*SOURCE INFORMATION:*
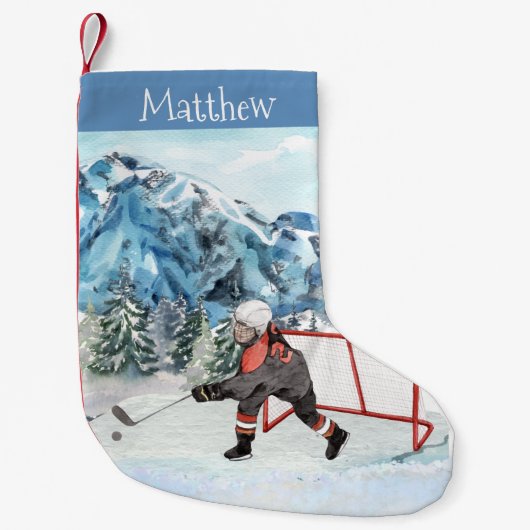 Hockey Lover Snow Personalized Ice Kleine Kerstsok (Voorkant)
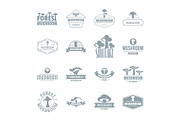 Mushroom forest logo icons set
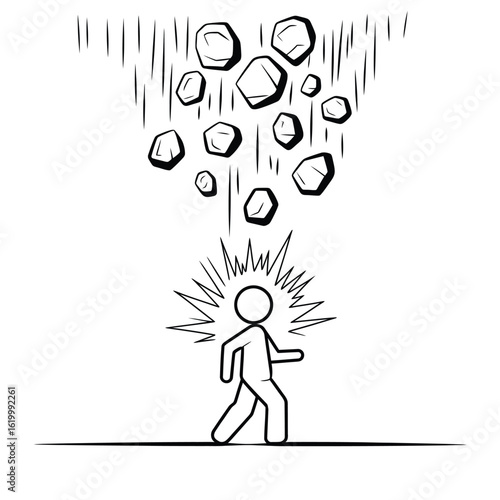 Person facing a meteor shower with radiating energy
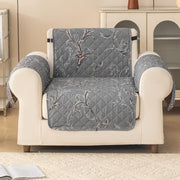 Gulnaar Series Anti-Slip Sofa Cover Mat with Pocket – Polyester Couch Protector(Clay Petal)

* * *

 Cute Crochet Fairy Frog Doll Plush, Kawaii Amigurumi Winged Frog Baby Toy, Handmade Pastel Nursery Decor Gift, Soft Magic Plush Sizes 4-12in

==

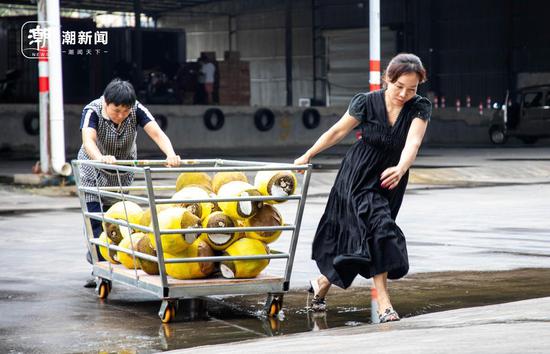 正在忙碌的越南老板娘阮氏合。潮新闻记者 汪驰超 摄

*TASK INSTRUCTIONS:*
Repeat exactly, and only, the entries from the line with "Person facing a" through the line with "Gulnaar Series Anti-Slip". Pictures are skipped.

*FINAL ANSWER:*
 Person facing a meteor shower with radiating energy
 Gulnaar Series Anti-Slip Sofa Cover Mat with Pocket – Polyester Couch Protector(Clay Petal)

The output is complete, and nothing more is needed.